Jika itu hanya Dragon Thirteen saja, Han Sen akan bersedia untuk mencobanya. Tapi, Sharon dan yang lainnya adalah Marquise. Akan sulit bagi Han Sen untuk mengambil semuanya.

Han Sen mengertakkan gigi, dan dia berlari ke patung Dewa Kuno perak. Jika dia tidak bisa mengguncang pengejarnya, dia pikir dia mungkin lebih beruntung dengan menggunakan bug kaca perak.

Han Sen tahu bagaimana menuju ke sana, dan dia akhirnya menemukan jalan ke patung Ghost Face Spider. Kemudian, dia pergi ke belakang dan ke bawah dan melewati gua lainnya.

Tidak lama kemudian, Dragon Thirteen, bersama Sharon dan yang lainnya, tiba di gua Ghost Face Spider. Mereka melihat patung Dewa Kuno yang berkepala domba.

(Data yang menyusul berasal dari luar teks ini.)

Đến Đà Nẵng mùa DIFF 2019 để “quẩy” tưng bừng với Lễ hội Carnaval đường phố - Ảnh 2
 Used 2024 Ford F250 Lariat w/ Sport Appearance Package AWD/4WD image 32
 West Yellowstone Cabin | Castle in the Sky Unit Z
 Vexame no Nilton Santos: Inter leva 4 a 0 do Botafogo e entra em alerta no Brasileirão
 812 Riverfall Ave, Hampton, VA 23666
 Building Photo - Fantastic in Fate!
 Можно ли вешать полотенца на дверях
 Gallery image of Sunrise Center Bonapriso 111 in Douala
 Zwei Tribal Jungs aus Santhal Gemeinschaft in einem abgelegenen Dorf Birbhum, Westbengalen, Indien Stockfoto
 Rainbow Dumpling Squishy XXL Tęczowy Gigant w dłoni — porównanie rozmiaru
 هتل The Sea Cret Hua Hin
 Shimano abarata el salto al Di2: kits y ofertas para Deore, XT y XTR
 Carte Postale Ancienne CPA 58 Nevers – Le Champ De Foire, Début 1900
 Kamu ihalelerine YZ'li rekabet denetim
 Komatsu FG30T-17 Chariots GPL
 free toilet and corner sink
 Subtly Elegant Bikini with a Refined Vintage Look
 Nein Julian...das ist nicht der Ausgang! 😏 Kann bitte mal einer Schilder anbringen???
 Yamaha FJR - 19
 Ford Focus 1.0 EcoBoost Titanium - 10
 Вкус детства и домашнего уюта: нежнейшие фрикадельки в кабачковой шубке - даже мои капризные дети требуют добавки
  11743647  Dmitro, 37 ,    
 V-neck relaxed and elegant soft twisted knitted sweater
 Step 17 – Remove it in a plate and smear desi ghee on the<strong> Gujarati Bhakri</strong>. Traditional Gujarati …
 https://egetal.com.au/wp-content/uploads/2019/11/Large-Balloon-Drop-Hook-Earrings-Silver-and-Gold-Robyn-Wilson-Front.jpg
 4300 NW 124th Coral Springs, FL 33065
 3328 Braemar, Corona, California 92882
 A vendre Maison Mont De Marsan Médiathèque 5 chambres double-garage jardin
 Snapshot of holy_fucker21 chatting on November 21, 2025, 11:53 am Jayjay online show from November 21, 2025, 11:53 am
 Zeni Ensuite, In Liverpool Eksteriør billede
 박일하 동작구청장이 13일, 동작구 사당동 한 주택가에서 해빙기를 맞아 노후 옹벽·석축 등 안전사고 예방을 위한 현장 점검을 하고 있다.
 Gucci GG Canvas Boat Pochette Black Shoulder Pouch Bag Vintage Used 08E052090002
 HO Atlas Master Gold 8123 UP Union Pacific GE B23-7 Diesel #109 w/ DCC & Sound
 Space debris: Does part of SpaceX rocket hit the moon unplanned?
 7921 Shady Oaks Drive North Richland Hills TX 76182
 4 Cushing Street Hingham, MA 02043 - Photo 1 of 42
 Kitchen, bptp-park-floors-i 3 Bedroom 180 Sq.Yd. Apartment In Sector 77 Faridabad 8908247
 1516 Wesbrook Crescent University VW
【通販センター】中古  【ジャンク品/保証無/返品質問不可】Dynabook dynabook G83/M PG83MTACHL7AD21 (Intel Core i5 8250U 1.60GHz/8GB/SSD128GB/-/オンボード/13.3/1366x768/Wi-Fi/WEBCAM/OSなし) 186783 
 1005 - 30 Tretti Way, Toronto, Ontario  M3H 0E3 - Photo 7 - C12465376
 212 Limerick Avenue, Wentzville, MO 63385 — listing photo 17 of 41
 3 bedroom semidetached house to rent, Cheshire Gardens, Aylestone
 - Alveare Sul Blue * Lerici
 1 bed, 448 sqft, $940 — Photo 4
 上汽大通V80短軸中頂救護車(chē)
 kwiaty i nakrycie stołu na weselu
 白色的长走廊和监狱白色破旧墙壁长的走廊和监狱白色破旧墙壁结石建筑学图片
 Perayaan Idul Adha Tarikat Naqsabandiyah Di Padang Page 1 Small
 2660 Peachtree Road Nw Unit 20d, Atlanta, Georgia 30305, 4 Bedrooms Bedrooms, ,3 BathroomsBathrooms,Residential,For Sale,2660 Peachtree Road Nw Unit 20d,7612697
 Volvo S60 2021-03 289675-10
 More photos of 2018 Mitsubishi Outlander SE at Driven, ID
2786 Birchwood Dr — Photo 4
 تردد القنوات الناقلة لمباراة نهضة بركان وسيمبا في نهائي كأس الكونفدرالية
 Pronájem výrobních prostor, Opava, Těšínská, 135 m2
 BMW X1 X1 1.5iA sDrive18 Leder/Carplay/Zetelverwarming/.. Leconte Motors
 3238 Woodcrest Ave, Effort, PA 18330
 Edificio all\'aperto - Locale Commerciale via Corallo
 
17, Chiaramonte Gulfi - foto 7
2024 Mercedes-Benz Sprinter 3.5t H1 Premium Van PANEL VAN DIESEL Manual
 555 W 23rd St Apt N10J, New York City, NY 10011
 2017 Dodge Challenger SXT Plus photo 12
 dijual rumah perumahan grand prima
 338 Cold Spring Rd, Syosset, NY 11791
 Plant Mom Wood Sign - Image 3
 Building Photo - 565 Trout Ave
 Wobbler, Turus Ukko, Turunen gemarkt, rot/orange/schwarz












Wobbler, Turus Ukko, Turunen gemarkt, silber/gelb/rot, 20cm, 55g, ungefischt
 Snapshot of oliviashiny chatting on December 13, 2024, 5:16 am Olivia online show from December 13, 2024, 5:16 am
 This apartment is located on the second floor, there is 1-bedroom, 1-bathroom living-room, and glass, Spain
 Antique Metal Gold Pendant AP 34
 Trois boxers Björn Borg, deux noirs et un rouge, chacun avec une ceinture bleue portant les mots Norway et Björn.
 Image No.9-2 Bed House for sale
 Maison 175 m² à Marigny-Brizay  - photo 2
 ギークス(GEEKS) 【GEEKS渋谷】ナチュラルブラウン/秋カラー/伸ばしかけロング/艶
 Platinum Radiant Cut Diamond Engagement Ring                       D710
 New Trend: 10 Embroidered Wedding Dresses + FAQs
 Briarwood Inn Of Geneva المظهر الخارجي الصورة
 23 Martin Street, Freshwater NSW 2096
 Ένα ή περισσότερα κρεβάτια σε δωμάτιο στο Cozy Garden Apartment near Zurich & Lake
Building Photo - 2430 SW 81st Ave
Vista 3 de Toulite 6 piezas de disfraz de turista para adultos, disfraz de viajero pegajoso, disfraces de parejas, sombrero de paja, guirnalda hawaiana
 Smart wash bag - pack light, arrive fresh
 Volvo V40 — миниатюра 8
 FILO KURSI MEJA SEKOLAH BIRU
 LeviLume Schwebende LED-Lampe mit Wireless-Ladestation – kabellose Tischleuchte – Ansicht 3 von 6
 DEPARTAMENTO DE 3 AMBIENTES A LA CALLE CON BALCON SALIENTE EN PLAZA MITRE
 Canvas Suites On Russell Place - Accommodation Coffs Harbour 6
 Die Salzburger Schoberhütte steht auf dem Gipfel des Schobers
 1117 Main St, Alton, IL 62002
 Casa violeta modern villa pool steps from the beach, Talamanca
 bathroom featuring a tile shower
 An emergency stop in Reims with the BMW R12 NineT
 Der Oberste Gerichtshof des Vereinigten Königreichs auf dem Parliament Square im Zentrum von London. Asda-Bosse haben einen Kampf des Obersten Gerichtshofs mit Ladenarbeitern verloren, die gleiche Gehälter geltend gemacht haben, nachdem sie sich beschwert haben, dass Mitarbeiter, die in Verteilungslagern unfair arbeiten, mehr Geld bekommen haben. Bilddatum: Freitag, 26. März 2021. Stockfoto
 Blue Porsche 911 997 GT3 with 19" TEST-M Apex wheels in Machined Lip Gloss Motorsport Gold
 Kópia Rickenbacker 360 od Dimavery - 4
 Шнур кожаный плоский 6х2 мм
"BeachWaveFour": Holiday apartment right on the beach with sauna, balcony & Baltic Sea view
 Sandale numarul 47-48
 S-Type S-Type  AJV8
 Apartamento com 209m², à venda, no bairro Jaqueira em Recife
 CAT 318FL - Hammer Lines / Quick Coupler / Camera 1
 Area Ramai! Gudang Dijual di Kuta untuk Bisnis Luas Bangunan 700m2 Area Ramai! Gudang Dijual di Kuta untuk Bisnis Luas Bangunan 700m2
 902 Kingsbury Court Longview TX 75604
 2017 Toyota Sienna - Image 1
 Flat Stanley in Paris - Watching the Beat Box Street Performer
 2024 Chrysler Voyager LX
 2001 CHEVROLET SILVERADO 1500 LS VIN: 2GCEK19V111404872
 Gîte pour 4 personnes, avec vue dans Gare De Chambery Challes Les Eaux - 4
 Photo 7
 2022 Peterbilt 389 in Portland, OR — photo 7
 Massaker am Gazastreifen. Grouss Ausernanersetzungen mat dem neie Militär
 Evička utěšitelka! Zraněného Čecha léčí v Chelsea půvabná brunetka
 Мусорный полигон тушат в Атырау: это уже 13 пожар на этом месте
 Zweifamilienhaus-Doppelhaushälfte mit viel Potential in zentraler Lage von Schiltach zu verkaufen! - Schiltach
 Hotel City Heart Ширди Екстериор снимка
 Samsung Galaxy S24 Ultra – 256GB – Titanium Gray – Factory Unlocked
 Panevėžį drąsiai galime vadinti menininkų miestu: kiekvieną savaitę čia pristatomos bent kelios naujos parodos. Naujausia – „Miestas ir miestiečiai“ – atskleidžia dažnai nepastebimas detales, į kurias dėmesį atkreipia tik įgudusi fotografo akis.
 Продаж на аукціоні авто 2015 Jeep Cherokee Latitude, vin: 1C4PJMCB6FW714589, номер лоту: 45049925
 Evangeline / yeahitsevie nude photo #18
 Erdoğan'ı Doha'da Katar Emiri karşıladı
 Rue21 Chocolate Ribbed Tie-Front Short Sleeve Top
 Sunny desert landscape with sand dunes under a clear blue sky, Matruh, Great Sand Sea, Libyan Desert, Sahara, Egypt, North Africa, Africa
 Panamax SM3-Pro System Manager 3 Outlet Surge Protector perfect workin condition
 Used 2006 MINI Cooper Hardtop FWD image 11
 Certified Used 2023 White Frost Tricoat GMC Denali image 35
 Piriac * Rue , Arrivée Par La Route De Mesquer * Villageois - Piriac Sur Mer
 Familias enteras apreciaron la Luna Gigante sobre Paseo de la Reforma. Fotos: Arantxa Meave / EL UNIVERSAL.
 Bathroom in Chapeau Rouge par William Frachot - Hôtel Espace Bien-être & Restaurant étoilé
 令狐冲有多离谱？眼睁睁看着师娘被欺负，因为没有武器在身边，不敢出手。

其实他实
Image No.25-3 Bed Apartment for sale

“Ada patung Dewa Kuno, tapi sepertinya seseorang telah mengklaimnya,” kata Sharon, sambil melihat patung Dewa Kuno.

“Han Sen berlari ke patung Dewa Kuno? Permulaan Dewa Kuno seharusnya ada pada dirinya. Jika kita tahu ini lebih cepat, kita bisa pergi dan membunuhnya. Seharusnya tidak perlu untuk semua masalah ini. ” White Tiger Marquise ingin mencoba. Dia menuju ke arah patung itu.

Naga Tiga Belas memandangi gua di belakang patung itu dan dengan dingin berkata, “Han Sen tidak ada di dalam patung itu. Dia pergi ke belakang. ”

“Lalu, lanjutkan pengejaran. Permulaan Dewa Kuno ada pada dirinya, ”kata Sharon.

“Beruntung kau meninggalkan tombak padanya. Kalau tidak, kita akan benar-benar tertipu. Dan jika kita meluangkan waktu untuk mencari patung itu, dia sudah lama pergi, ”kata White Tiger Marquise dengan gembira.

Dragon Thirteen membawa mereka ke gua di belakang patung dan terus mengejar Han Sen.

Han Sen terus berlari, tetapi dia tidak dapat menemukan bug perak aneh. Dia datang ke air terjun yang sama seperti sebelumnya, tapi tetap saja, dia tidak bisa menemukannya.

Sebelum dia bisa memikirkan apa yang harus dilakukan selanjutnya, dia merasakan Dragon Thirteen mendekat. Dia mengertakkan gigi dan melarikan diri ke patung itu. Pintu masuk ada di pusar patung.

Han Sen hanya berada di sana sebentar ketika Dragon Thirteen mencapai patung itu.

“Hei, ada patung Dewa Kuno lain! Tapi yang ini terlihat berbeda. Apakah Han Sen di sini? ” White Tiger Marquise sedang melihat patung perak Dewa Kuno.

“Dia ada di dalam patung,” kata Dragon Thirteen dengan percaya diri.

“Bagaimana dengan ini? Tiga belas dan aku mengejarnya, sementara kalian menunggu di sini kalau-kalau dia kehabisan? ” Sharon berbicara dengan White Tiger Marquise dan yang lainnya.

White Tiger Marquise mengangguk. Sharon dan Dragon Thirteen memasuki air terjun dan mengejar Han Sen.

Han Sen mulai merasakan rasa sakit menjalar ke seluruh tubuhnya. Kekuatan tombak itu seperti ular, merayap di dalam dirinya. Jika dia tidak segera membuangnya, organ-organnya akan mulai rusak.